New Delhi considers calling for separation from India unconstitutional, but Canada has long said that Sikhs in Canada have the right to free speech if they do not incite violence.

“For foreigners to have, if I can call it that, (an) evil eye on the territorial integrity of India, that is a big red line for us,” he said.

He did not specify whether he was referring to the foreigners involved in the Nijjar case or the issue of Sikh separatism in general.

Verma added that the unspecified media reports have been “a little coloured”, although he acknowledged that “there would be some facts” in them.

Over the weekend, Indian Foreign Minister Subrahmanyam Jaishankar reacted to the RCMP arrests by accusing Canada of harboring criminals from his country.

But Verma struck a conciliatory tone Tuesday, saying the two countries are “trying to resolve this issue.”

“We are willing to come to the table any day and we are doing so,” he said.

Hours before those comments, Joly said his goal remains to conduct diplomacy with India in private.

He said he would let the Mounties investigate rather than provide new comment on the case.

“We stand by the allegations that a Canadian was murdered on Canadian soil by Indian agents,” Joly said on Parliament Hill.

“The RCMP investigation is ongoing. I will have no further comment and no other official in our government will comment further.”

Verma focused her speech Tuesday on “so many positive things” happening in the relationship.

He noted that the annual value of two-way trade is $26 billion, and in the last 11 months, there has been a 75 percent increase in Canadian lentil exports and a 21 percent increase in Indian prepared medicines that They arrive in Canada.
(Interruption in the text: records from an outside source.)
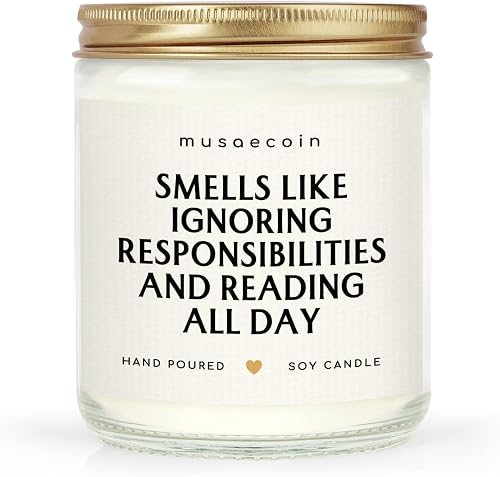 Musaecoin Handmade Lavender Candle: A Relaxing Gift for Book Lovers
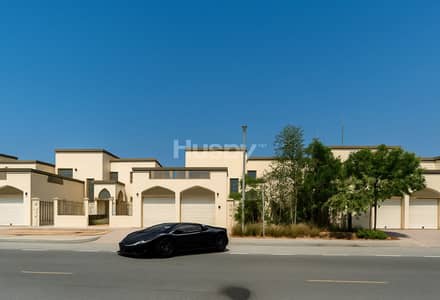 4 Bedroom Villa for Rent in Jumeirah Park, Dubai - Redesigned | Vacant End August | Landscaped
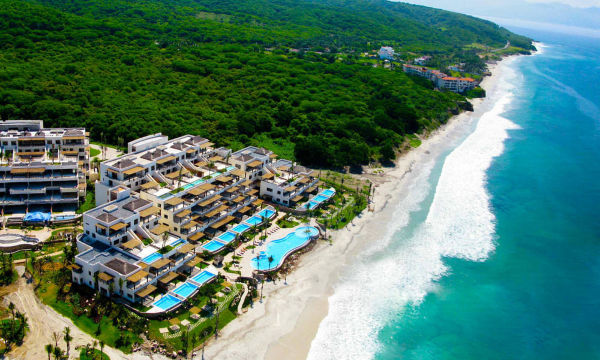 Los Veneros Beachfront Luxury Residences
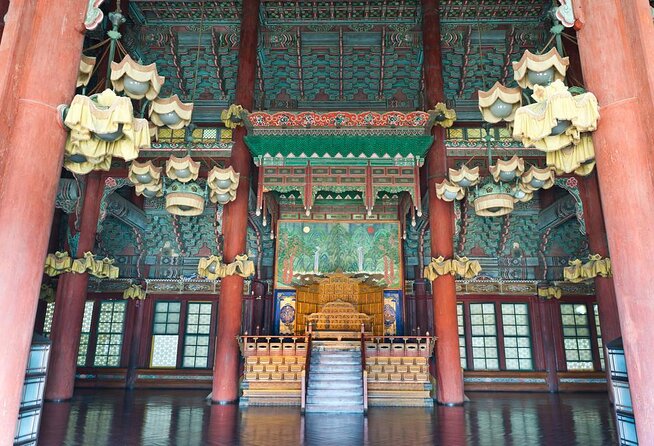 Full-Day Palace Tour in Seoul - Lunch at a traditional Korean restaurant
Vina Nadjibulla, vice-president of research at the Asia Pacific Foundation of Canada, said India is of increasing importance to Ottawa and many of its peers.

“Canada right now is an outlier when it comes to that kind of strategic deepening of the partnership with India,” he said.
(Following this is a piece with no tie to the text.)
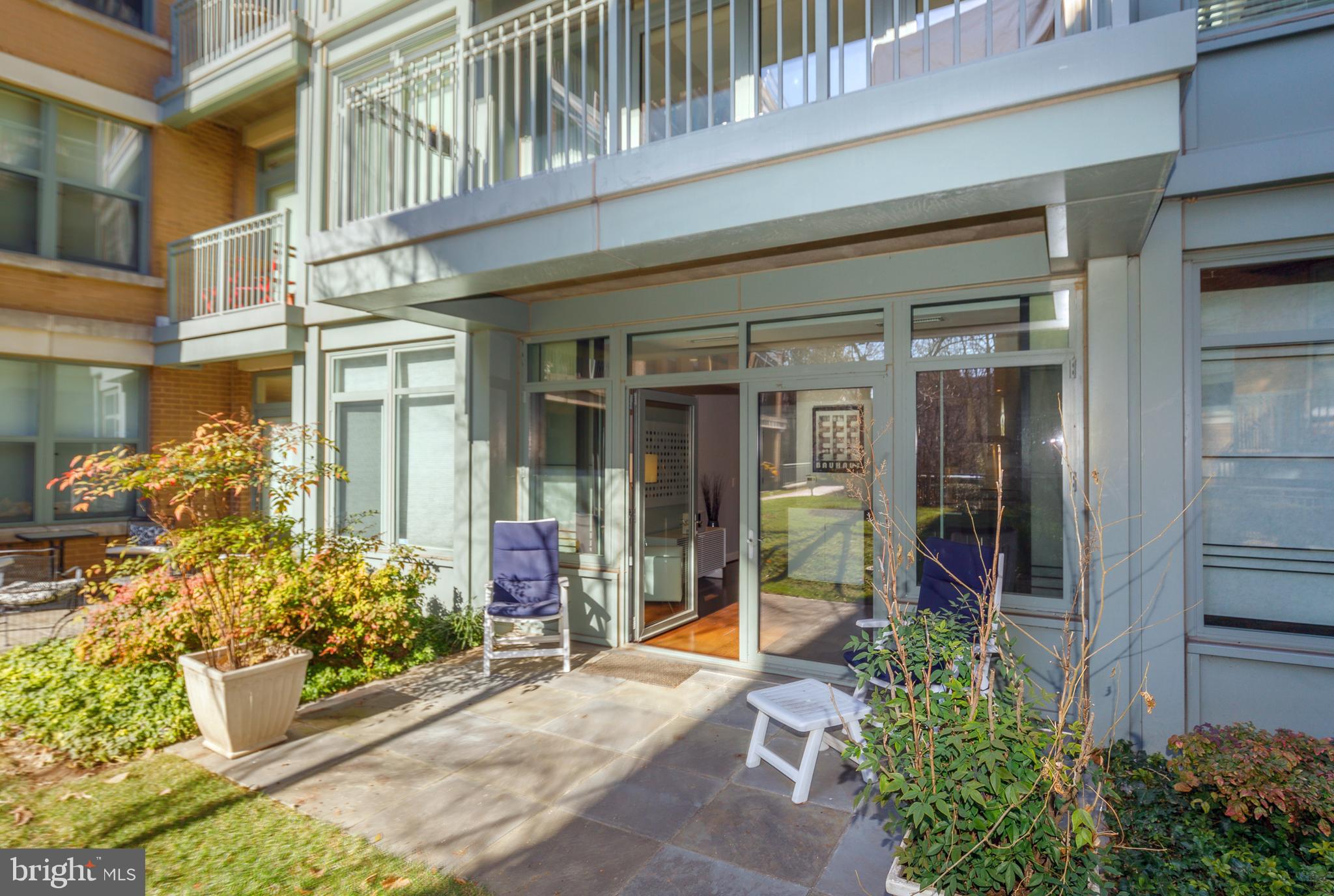 2425 L STREET NW 211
“We need to stabilize and improve that relationship, because it is in Canada’s national interest.”

He noted that Canadian companies and provinces have been seeking stronger ties. Alberta Premier Danielle Smith welcomed Verma in March.
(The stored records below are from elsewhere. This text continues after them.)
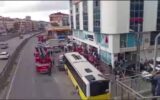 Otobüs durağa girdi: Yaralılar var! Otobüs durağa girdi: Yaralılar var!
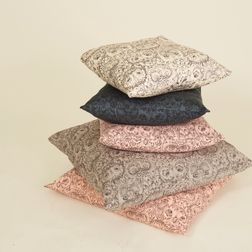 Softgallery_home_792-085-500_pillow_drizzle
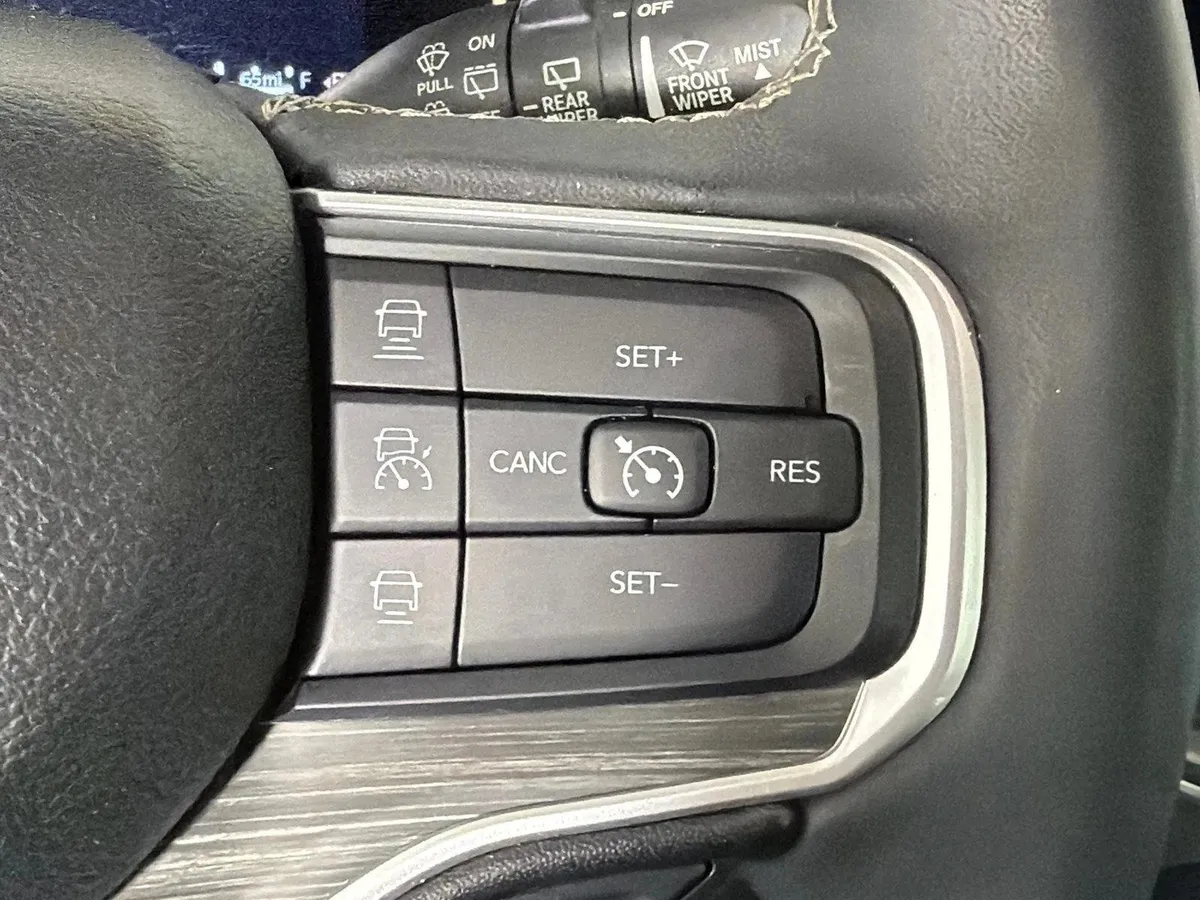 2024 Jeep Wagoneer L Series II thumbnail 27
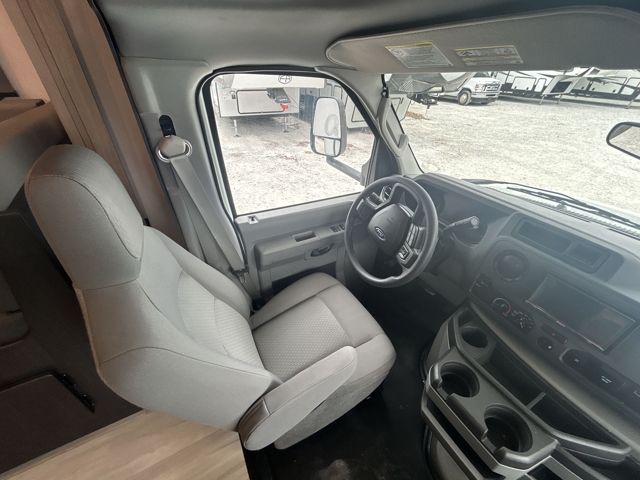 2026 Forest River Sunseeker LE 2150SF — photo 8 of 8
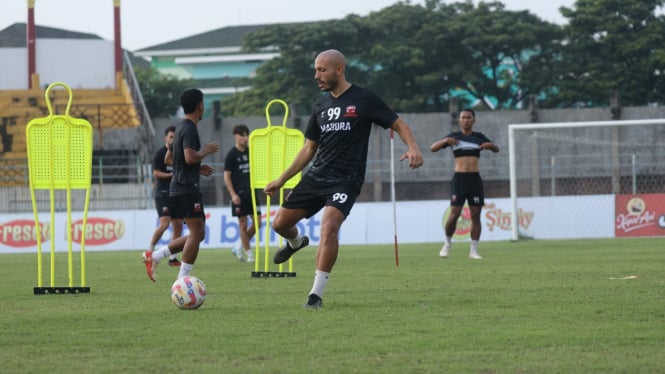 Youssef Ezzejjari bersama tim (Sumber: Media Officer Madura United)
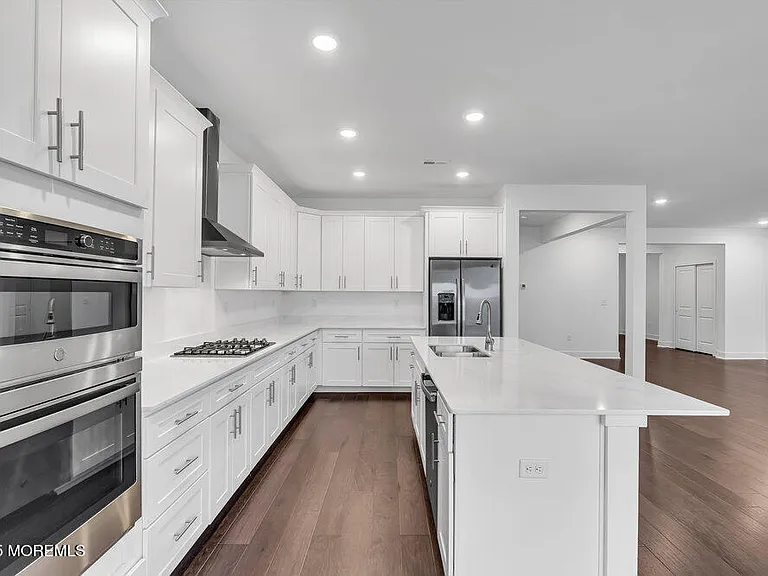 122 Woolley Ct — Photo 17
And Saskatchewan announced last week that it had convinced New Delhi to reinstate the province’s envoy to India, saying its official was among the Canadians who had to leave during the fall.

New Delhi has not allowed the other Canadian diplomats to return.

Saskatchewan Premier Scott Moe met Jaishankar last February and spoke at the Raisina Dialogue, a major foreign policy conference in India.

Nadjibulla attended the same conference. He observed that India showed “tremendous confidence” in its growing economic power, population and regional influence.

“Right now there are a lot of partners and suitors appearing in New Delhi,” Nadjibulla said.

Despite the Nijjar case, he said Canada should consider reopening trade talks with India.

“There are a lot of things we can do together,” he said.

Not everyone agrees. On Tuesday, the group Sikhs for Justice called for Verma’s speech to be cancelled, citing the Nijjar case and accusations of foreign interference by India.

The group’s New York-based lawyer, Gurpatwant Singh Pannun, was targeted by US prosecutors for assassination in a failed plot they allege was orchestrated by an Indian government official. The claim has not been proven in court.

India is in the midst of months-long national elections.

Nadjibulla said he hopes Indian Prime Minister Narendra Modi will continue to step up his rhetoric.

Last month, Modi made two statements in Hindi about his country’s ability to kill those abroad who challenge the country’s territorial integrity, in comments that were more broadly related to Pakistan.

Last week, Jaishankar lamented that “our biggest problem right now is in Canada,” referring to Sikh separatism.

Federal Cabinet Minister Harjit Sajjan, whom Indian officials have described as a Sikh nationalist, suggested Tuesday that he does not take India’s claims at face value.

“We take any allegations and information from any country very seriously when it comes to any type of criminal activity,” he said.

“There has been a lot of misinformation from India about people in this country, including about me and my family.”